Inició el juicio, en primera fila Abby, Sombra y yo nos mirábamos expectantes; atrás, John y Peter trataban de reconfortar a un desconsolado Paul. Se puso de pie el fiscal. Su señoría, acuso del delito de homicidio imprudencial al rector, el padre Joseph y ofrezco como prueba el cuerpo del delito, la tranca con la que lo golpeó y produjo la lesión mortal.

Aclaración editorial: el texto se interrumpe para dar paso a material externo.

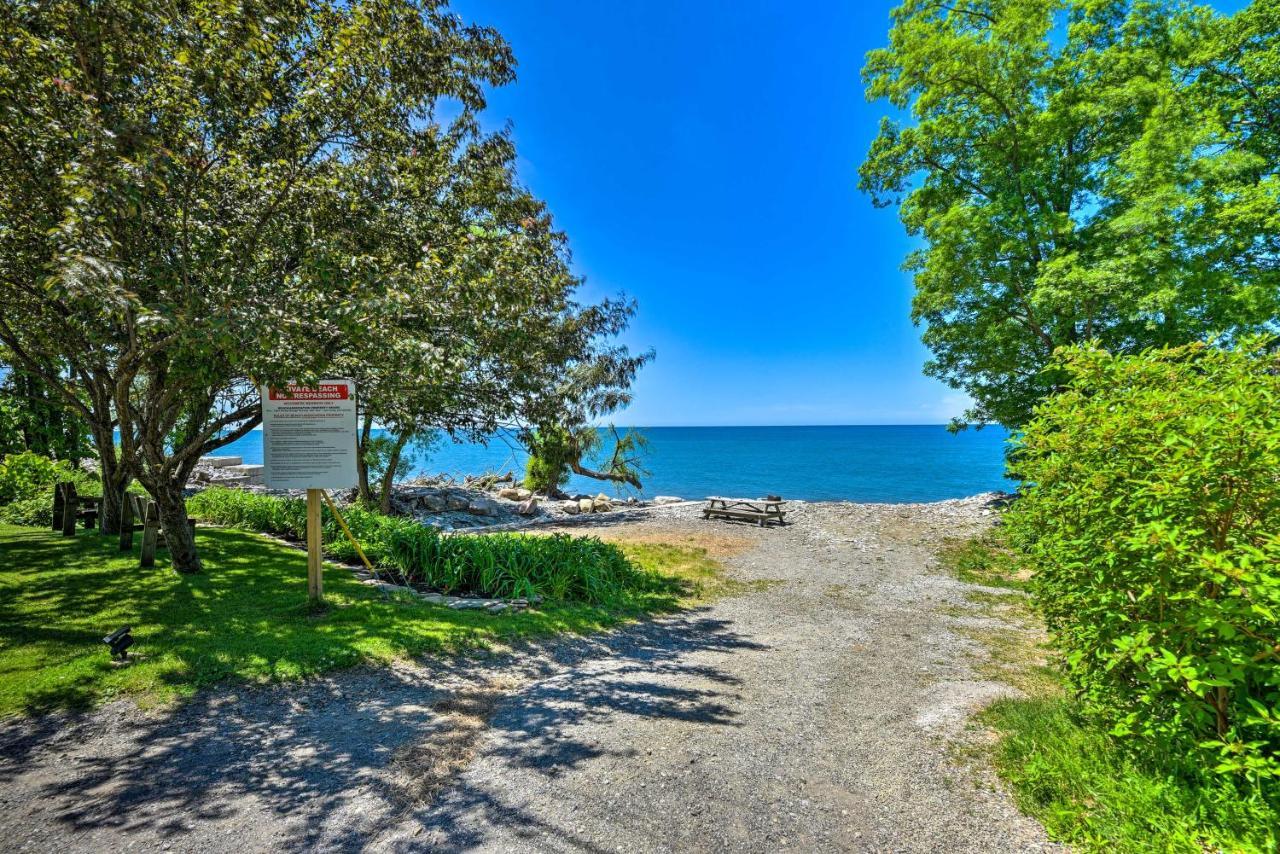Charming Lake Erie Getaway Walk To Beach! North East Kültér fotó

Pruebas fueron y vinieron, alegatos en pro y en contra. Que declare el acusado. Padre Joseph, apoyado en su bastón y mermado por la enfermedad, se sentó en el banquillo. Su señoría, dijo con voz firme, me acuso de haber dado muerte al blasfemo del padre Oliver, lo siento, no pude controlarme, lo encontré en su celda cometiendo el asqueroso vicio de Onán, así como otras conductas que atentan contra la fe católica, lo reprendí y lejos de recapacitar me atacó hecho una furia, tomé una tranca que estaba recargada en la pared y aprovechando el impulso que él traía, lo golpeé en la cabeza. El jurado, antes de entrar en conciliábulo secreto, ya lo condenaba. Se puso de pie la defensa. Su señoría, pido que antes de cerrar el juicio escuchemos el diagnóstico del doctor Stern, famoso psiquiatra. Pasó al estrado y con voz ceremoniosa argumentó como atenuante, locura pasajera del padre Joseph, quien no pudo contener la indignación al ver que el mismo director espiritual de la institución, -quien tenía bajo su responsabilidad la integridad moral de los seminaristas-, realizara actos que a la luz de la religión podrían calificarse como bestiales y solicitó que, en todo caso, se le recluyera en alguna institución médica donde pudieran transcurrir los últimos días de su vida, pues lo aquejaba una enfermedad terminal.

Al salir del hospital, lady Margaret se hospedó en el castillo de su entrañable amiga, la condesa Abby, su recuperación nos asombró, pero no todo fueron buenas noticias, un mensajero real nos informó, solemne y contrito: Padre Joseph, ex rector del seminario, el hombre que hizo de la defensa de los jóvenes, un apostolado, ha muerto. Margaret, quien estaba enterada de nuestras andanzas, comentó intrigada, querida Abby, me sigo preguntando cómo lograron descifrar ese enigma y descubrir que el padre Joseph fue el asesino. Abby volteó a vernos, sonreímos los tres ¡Es que él no fue!, querida Margaret.